Fear, Force, and Leather - The Texas Prison System's First Hundred Years, 1848-1948
Introduction
Fear, Force, and Leather too often has been the motto of the Texas Penitentiary System. – George Waverly Briggs, San Antonio Express reporter, 1909
View of the yard at the Texas State Prison in Huntsville (1949 photo).
Topical photographs, Photographs, Texas Department of Criminal Justice, Archives and Information Services Division, Texas State Library and Archives Commission.
Whipping. Branding. Hanging. Such were the punishments inflicted on lawbreakers in early Texas. But by the 1840s, Texas — a freshly minted state in the American Union — decided to join a humanitarian movement that promised to put an end to such brutal justice forever. A state penitentiary would take criminals out of their communities and require them to reflect on their lives, work hard to pay their debts to society—and emerge reformed.
Texas had operated a state prison (forever dubbed “The Walls”) for only a decade before the state was caught up in the cataclysm of the Civil War. For decades to follow, Texas and the other states of the Old South were faced with the challenge of keeping their prisons operational with little money or public support from a strapped and impoverished citizenry. Their answer was a system called convict leasing. Under this system, lessees such as plantations and railroads agreed to house, feed, and guard the prisoners in exchange for the use of their labor. The state was paid in cash or in a percentage of the crops raised.
Within a few decades, the Texas prison system was transformed from a fledgling reformatory to a vast network of sugar and cotton farms. The system was known throughout the state for hellish conditions and brutal punishments, and investigation and scandal seemed to dog every legislative session. As petty criminals and famous outlaws passed through the system, so too did sincere public servants as well as a fair number of scoundrels, each leaving his or her mark on a perennially troubled institution.

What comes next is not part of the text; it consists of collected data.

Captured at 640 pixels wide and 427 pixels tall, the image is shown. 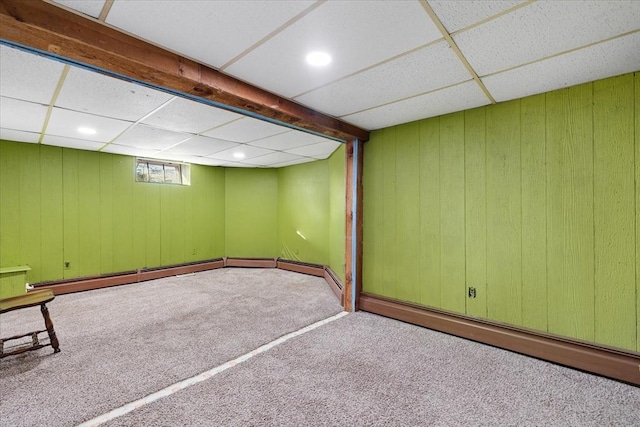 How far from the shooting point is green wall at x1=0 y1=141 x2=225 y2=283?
4254 mm

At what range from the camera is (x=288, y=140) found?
4.14 meters

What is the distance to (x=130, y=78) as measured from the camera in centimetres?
198

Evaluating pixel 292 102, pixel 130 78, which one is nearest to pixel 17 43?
pixel 130 78

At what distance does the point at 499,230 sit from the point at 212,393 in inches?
111

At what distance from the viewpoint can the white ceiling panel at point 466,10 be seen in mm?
1448

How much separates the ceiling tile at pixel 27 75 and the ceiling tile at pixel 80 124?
41cm

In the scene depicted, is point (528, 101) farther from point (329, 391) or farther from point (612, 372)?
point (329, 391)

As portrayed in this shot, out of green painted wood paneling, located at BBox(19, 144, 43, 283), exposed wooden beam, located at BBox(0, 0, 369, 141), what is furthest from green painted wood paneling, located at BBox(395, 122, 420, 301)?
green painted wood paneling, located at BBox(19, 144, 43, 283)

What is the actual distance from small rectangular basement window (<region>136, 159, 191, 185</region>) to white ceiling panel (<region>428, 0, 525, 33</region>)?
221 inches

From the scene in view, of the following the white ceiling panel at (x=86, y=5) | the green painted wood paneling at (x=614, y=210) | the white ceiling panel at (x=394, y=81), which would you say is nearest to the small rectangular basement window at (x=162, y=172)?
the white ceiling panel at (x=394, y=81)

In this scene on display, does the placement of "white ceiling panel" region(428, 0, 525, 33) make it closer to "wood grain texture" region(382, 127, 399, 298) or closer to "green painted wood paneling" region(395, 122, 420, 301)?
"green painted wood paneling" region(395, 122, 420, 301)

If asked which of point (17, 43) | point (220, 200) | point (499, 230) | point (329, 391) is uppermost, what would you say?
point (17, 43)

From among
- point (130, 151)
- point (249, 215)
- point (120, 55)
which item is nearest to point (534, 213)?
point (120, 55)

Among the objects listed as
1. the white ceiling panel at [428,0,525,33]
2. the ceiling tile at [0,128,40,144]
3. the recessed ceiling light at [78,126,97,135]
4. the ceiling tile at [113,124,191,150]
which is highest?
the ceiling tile at [0,128,40,144] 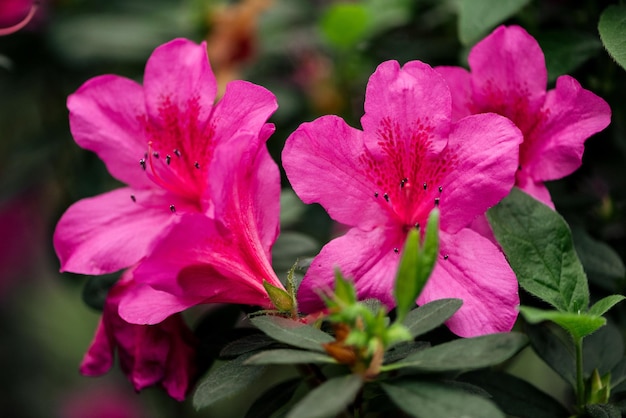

Eventually, the brutality and neglect fostered by the system would create one of the greatest scandals in Texas history, and begin a cycle of reform that brought Texas to a new era of professional penology. The first hundred years of the Texas prison system represent one state’s struggle at the vortex of money, crime, and politics — even as the state transformed from a rough and isolated frontier to a modern industrial powerhouse.